On the Canary Islands, New Beginnings for an Old Jewish Community
by Mendel Super – chabad.org
Walking down the street just before Rosh Hashana in Puerto de la Cruz, a city on the island of Tenerife in Spain’s Canary Islands, Anna Rodriguez saw a Chassidic-looking man driving down the street. “Go run after them,” she told her daughter. “Hashem brought us together!”
Her daughter flagged down the car. “They’d been here for a week when we found them,” says Rodriguez. “We saw them as we were walking in a neighborhood we never visit,” she continues. “We’d been talking about doing something as a family for Rosh Hashanah—just us. It was so sad.”
The next thing she knew, “we were sitting around a table with 35 people for Rosh Hashanah. It was amazing!”
The Canary Islands have a long Jewish history, dating back to the expulsion of the Jews from Spain in 1492 when some Jews found a safe haven on the autonomous Spanish territory just off the tip of Morocco. More Jews arrived from Morocco in the last century and even had a synagogue on Tenerife, the largest and most populous of the islands. But as the years went by, the community struggled to stay afloat. The synagogue closed, and its Torah scroll lay in a closet collecting dust.

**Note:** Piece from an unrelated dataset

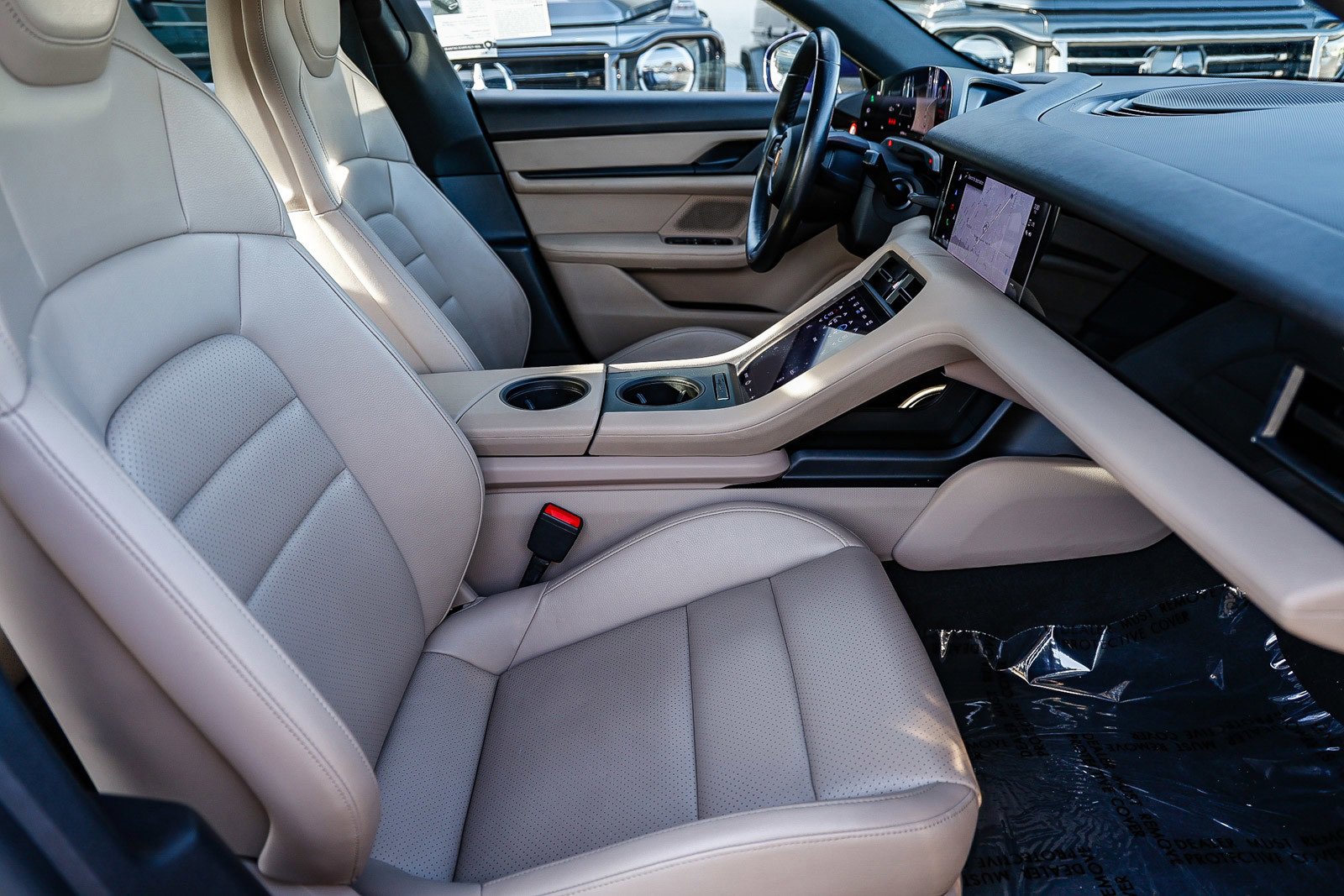 Used 2021 Porsche Taycan Base image 16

When the Torah scroll was dusted off this year for High Holidays services run by Rabbi Noam and Chava Rosen, who will be moving from Israel just before Chanukah to establish Chabad of Tenerife, the community they’d brought together was moved beyond words. “The man holding the Torah was trembling,” Doron Peretz, an Israeli expat living in Tenerife with his family for two years, tells Chabad.org. “Another woman was crying as she watched. This Torah hadn’t been used in 30 years.” When an older Israeli gentleman was honored with reciting the Haftarah, reports Peretz, he couldn’t get through it, breaking down in tears.
Assembling a Congregation, Seemingly out of Nowhere
Rosen is among the more than 120 young rabbis attending the International Conference of Chabad-Lubavitch Emissaries (Kinus Hashluchim) for the first time this year, part of an international cohort of 120 couples who are establishing new Chabad centers to commemorate the 120th anniversary of the birth of the Rebbe, Rabbi Menachem M. Schneerson, of righteous memory. Like most of these young couples, he and his wife spent some time visiting the community before establishing a permanent Chabad center there.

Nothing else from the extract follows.